Hay en Neary una elección subversiva: entre la cotidiana, pedestre vida familiar y la probabilidad de lo extraordinario, Neary opta lo extraordinario.

Poco tiempo después ver Encuentros cercanos me encontré con Playa terminal, el trascendente, extrañísimo y absoluto cuento de J.G. Ballard. El impacto de esos dos cascotazos en mi cabeza infantil me arruinó bastante la capacidad de apreciación. Me resultaba muy difícil interesarme en algo. Disfrutaba de otras cosas, claro, pero siempre sintiéndolas un poco cortas, inferiores, poco interesantes. Me había contaminado un poco de ese deseo por el estado de excepción.

En la vida real, la única vez que sentí algo parecido, la probabilidad de algo extraordinario, fue durante el ataque a las Torres Gemelas.
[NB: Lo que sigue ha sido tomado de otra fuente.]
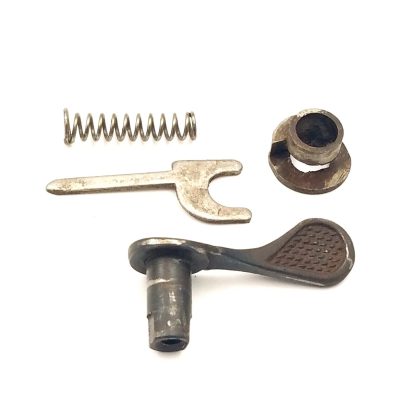Stevens 94B, 12ga Shotgun Part. Top Snap & Top Snap Plunger w/ Spring & Sleeve - Image 2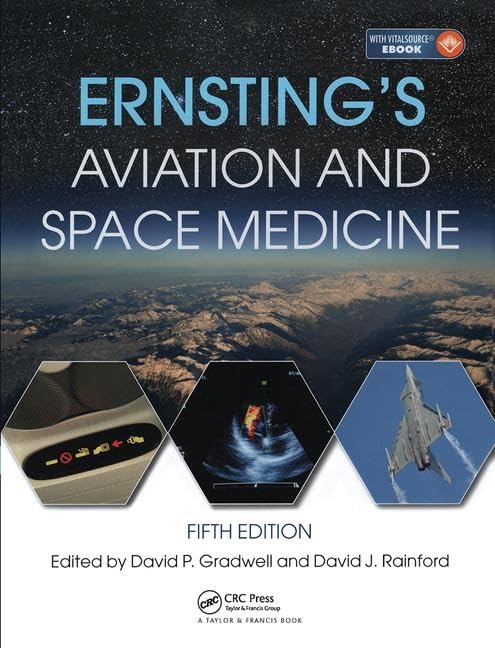 Ernstings Aviation and Space Medicine 5E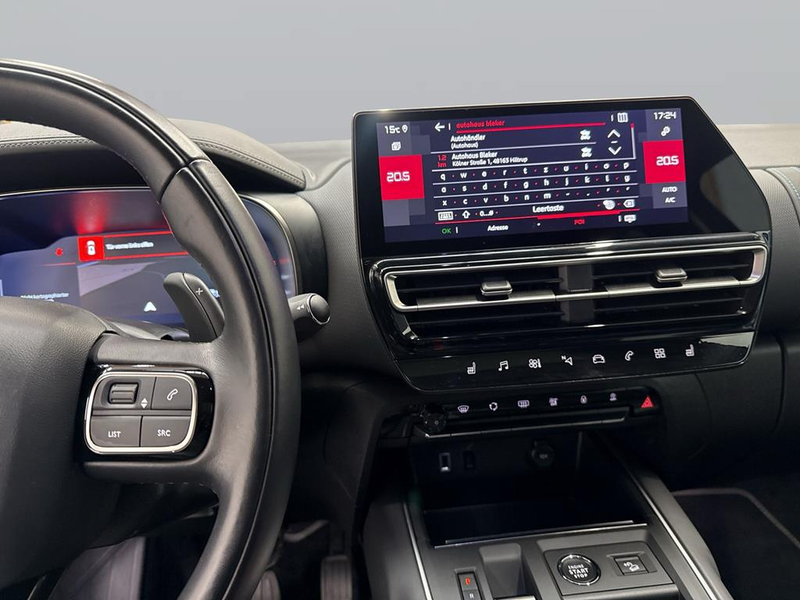 Citroen C5 Aircross BlueHDi 130 S&S EAT8 MAX — photo 11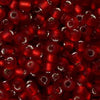 15/O Japanese Seed Beads Frosted F11 - Beads Gone Wild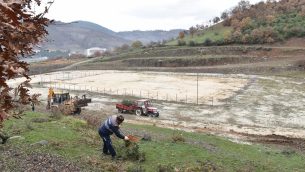 ŞEHRİMİZDE DEVAM EDEN VE TAMAMLANAN ÇALIŞMLARI YERİNDE İNCELİYORUZ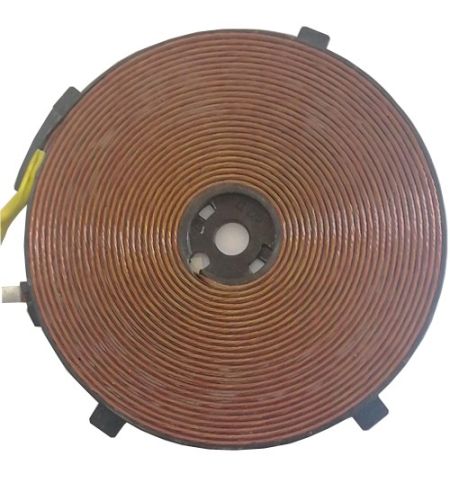 Bobina Inducción Grande, parte interior, CZ4Z00004, CL 220, 18,2cm, LG KA67210FS Bobina Inducción Grande, parte interior, CZ4Z00004, CL 220, 18,2cm, LG KA67210FS
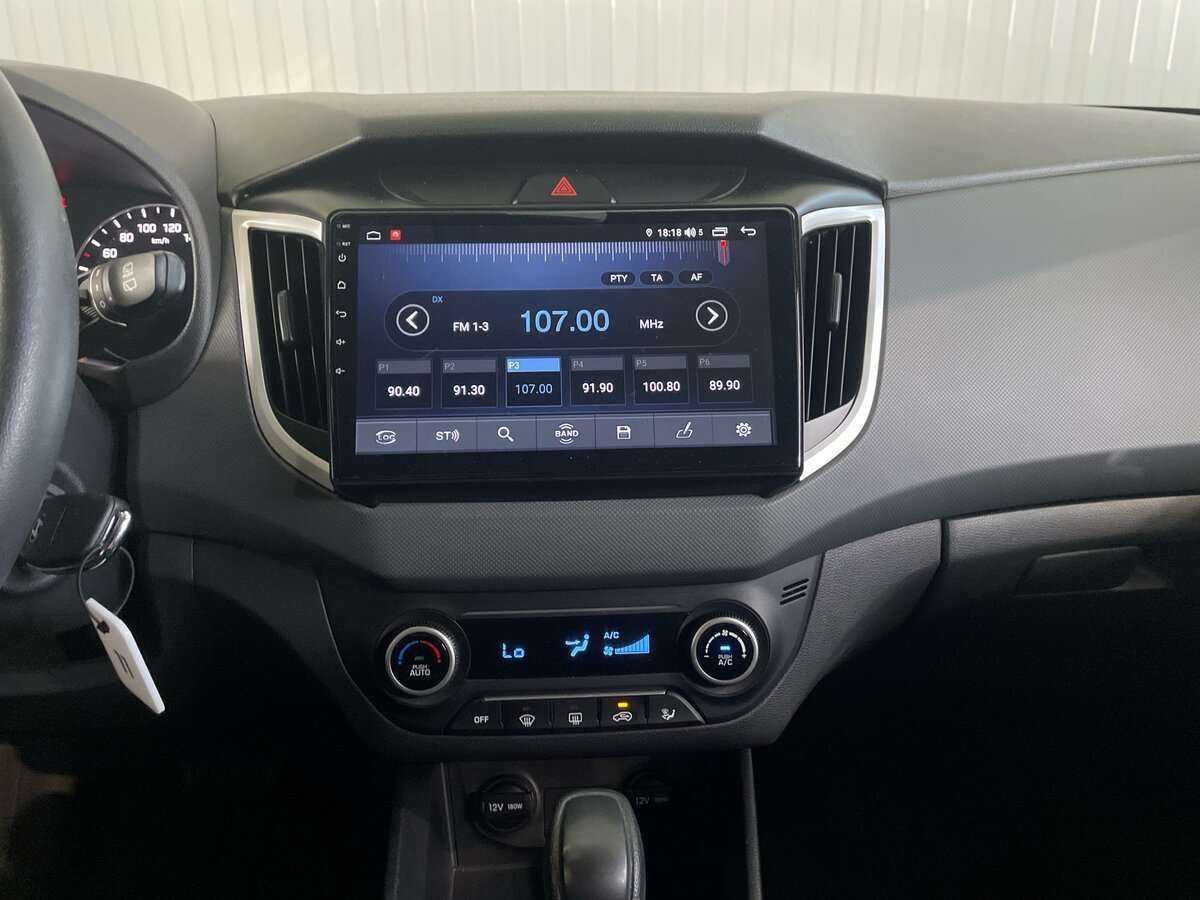 Купить Hyundai Creta, 2020, 87 270 км.. Фото: #13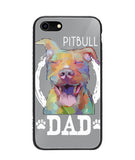 Pitbul Dad I Love My Dog - iPhone 7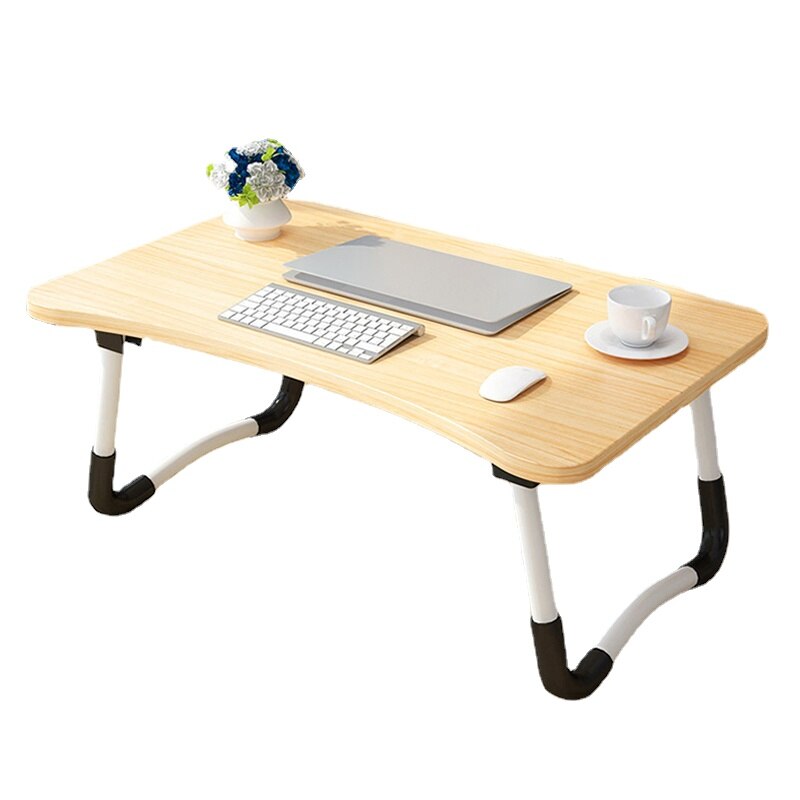 Laptop Bureau Bed Slaapzaal Tafel Opvouwbare Kleine Tafel Slaapkamer Bureau Laptop Stand Sofa Bureau Student Bureau Xh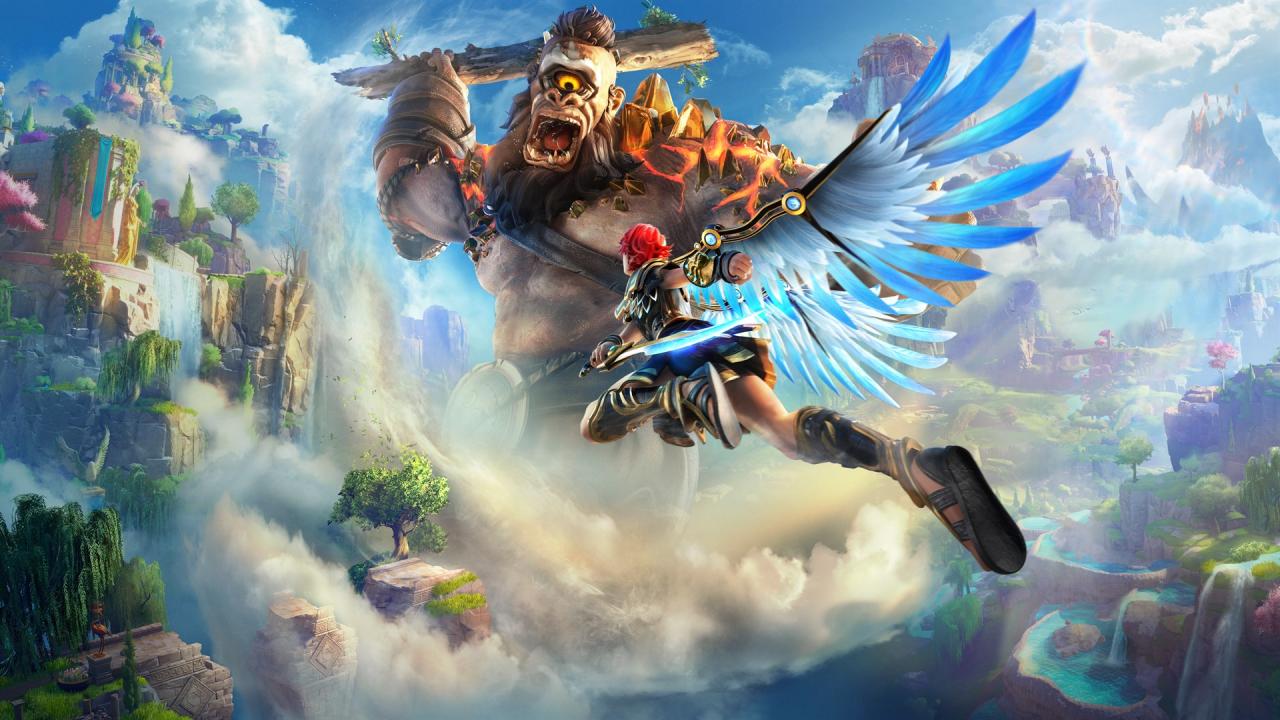 Immortals Fenyx Rising XBOX One / Xbox Series X|S CD Key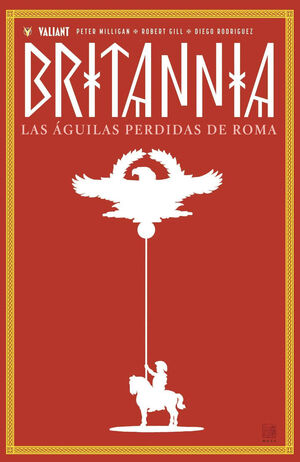 BRITANNIA 3 LAS AGUILAS PERDIDAS DE ROMA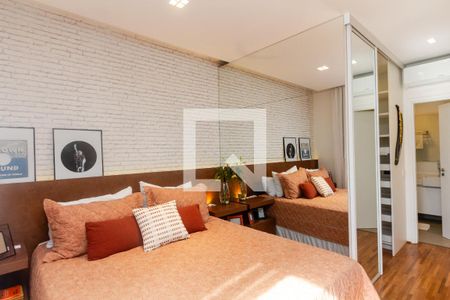 Studio de apartamento para alugar com 1 quarto, 48m² em Indianópolis, São Paulo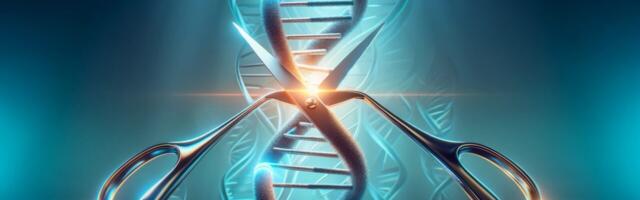 World-first CRISPR gene-editing therapy approved in UK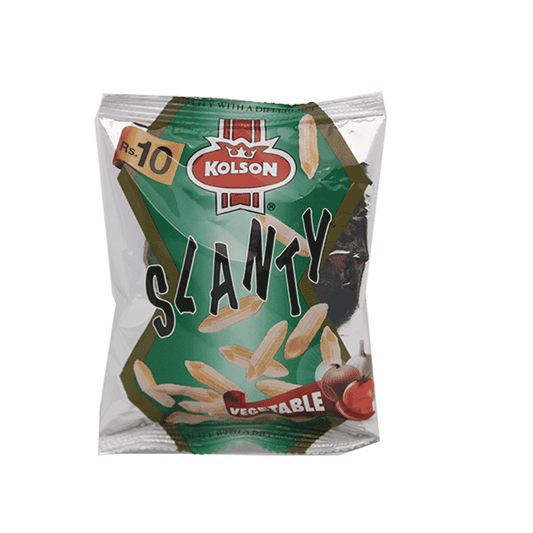 KOLSON SLANTY VEGETABLE FLAVOUR 10 GM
Fue la única vez en mi vida que sentí que ALGO estaba SUCEDIENDO. Después, todo eso fue también un poco una desilusión.

Recién ahora, en estos confusos días en que la una peste porcentualmente letal se cierne sobre el planeta, vuelvo a sentir algo parecido. La inminencia de algo grande y trascendente que está por pasar. Y frente a esto, una bola confusa de sensaciones y sentimientos. La mayoría lógicos: temor, ansiedad, un creciente estrés ante lo desconocido que se aproxima. Pero en un rincón del estado de ánimo hay también un cosquilleo de emoción ante la probabilidad de que se vaya todo a la remierda, de que se acabe el motivo para obedecer, para saludar, para poner cara de que se está interesado en cosas, para prestar la atención que se nos pide.

En el final de Encuentros cercanos, Roy Neary es invitado a abordar la nave alienígena y parte con ellos. Tiene la fortuna de abandonar la vida pedestre y conocer mundos desconocidos. Lo que se nos viene encima a nosotros es un evento mucho menos amable que la amistosa visita de una civilización superior, claro: un organismo sin conciencia de sí mismo que podría matar a un montón de gente (a mí mismo, sin ir mas lejos) o destruir nuestra vida tal como la conocíamos. Lo mismo, el cosquilleo de emoción ante el fin del orden permanece. Sería mas lindo liberarnos de él por la vía del evento maravilloso. Pero con el mismo fin, la catástrofe también sirve.

Carlos Busqued nació en Presidencia Roque Sáenz Peña, Chaco (Argentina), en 1970 y actualmente vive en Buenos Aires. Produjo los programas de radio Vidas Ejemplares, El otoño en Pekín y Prisionero del Planeta Infierno. Es autor de Bajo este sol tremendo (Anagrama 2009), llevada al cine por Adrian Caetano bajo el título El Otro Hermano, en 2018 y Magnetizado (Anagrama 2018).